■ **WHAT THE TASK REQUIRES**:
Set down all of the data that follows word for word, without the images.

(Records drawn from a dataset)
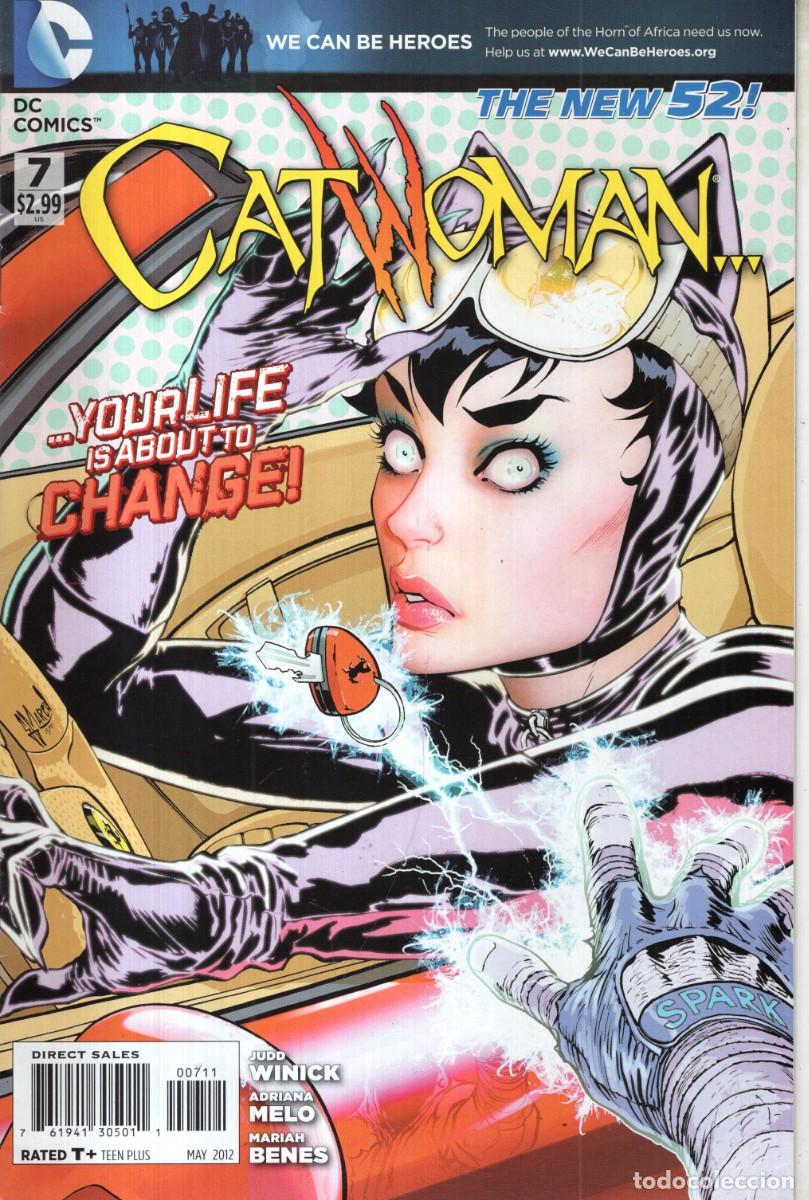 C&oacute;mics: CATWOMAN N&ordm; 7 - DC COMICS - MUY BUEN ESTADO - OFM15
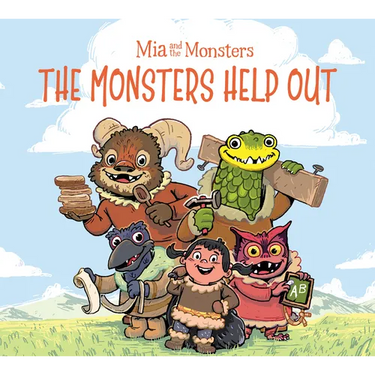 MIA and the Monsters: The Monsters Help Out: English Edition
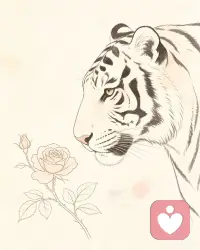 你呀，一定要给自己安排一点事，慢慢的，你就会发现自己超厉害。成年人没那么容易崩溃，心里住着大老虎的人，闻一下蔷薇，被扎哭了，那不叫崩溃，那是你在学习可爱，学习温柔，学习跟万事万物和解

心有猛虎，细嗅蔷薇，落泪不是崩溃，是学着与万物和解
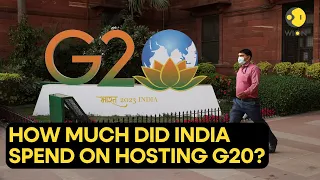 G20 Summit 2023: Here's how much Indian government spent to host the Summit | WION Originals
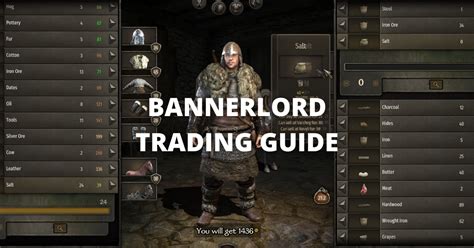 Bannerlord Trading Guide: Master the Art of Commerce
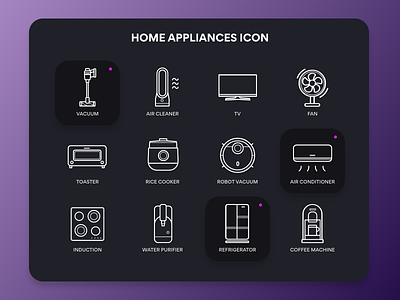 Home Appliances Icon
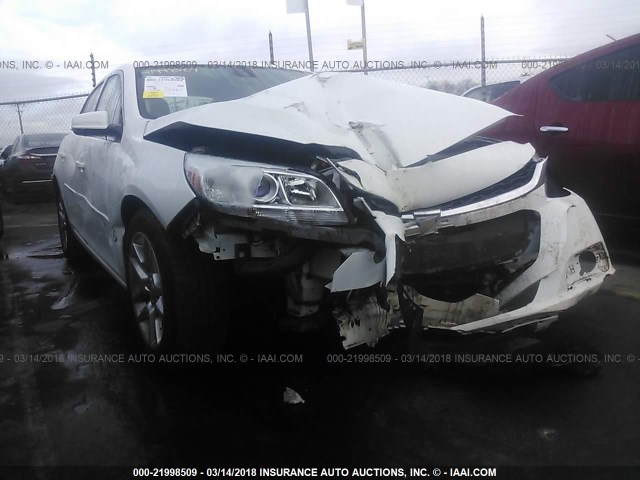 1G11C5SL6FF201268 - 2015 CHEVROLET MALIBU 1LT 白色 照片 6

■ **ANSWER SECTION**:
 C&oacute;mics: CATWOMAN N&ordm; 7 - DC COMICS - MUY BUEN ESTADO - OFM15
 MIA and the Monsters: The Monsters Help Out: English Edition
 你呀，一定要给自己安排一点事，慢慢的，你就会发现自己超厉害。成年人没那么容易崩溃，心里住着大老虎的人，闻一下蔷薇，被扎哭了，那不叫崩溃，那是你在学习可爱，学习温柔，学习跟万事万物和解

心有猛虎，细嗅蔷薇，落泪不是崩溃，是学着与万物和解
 G20 Summit 2023: Here's how much Indian government spent to host the Summit | WION Originals
 Bannerlord Trading Guide: Master the Art of Commerce
 Home Appliances Icon
 1G11C5SL6FF201268 - 2015 CHEVROLET MALIBU 1LT 白色 照片 6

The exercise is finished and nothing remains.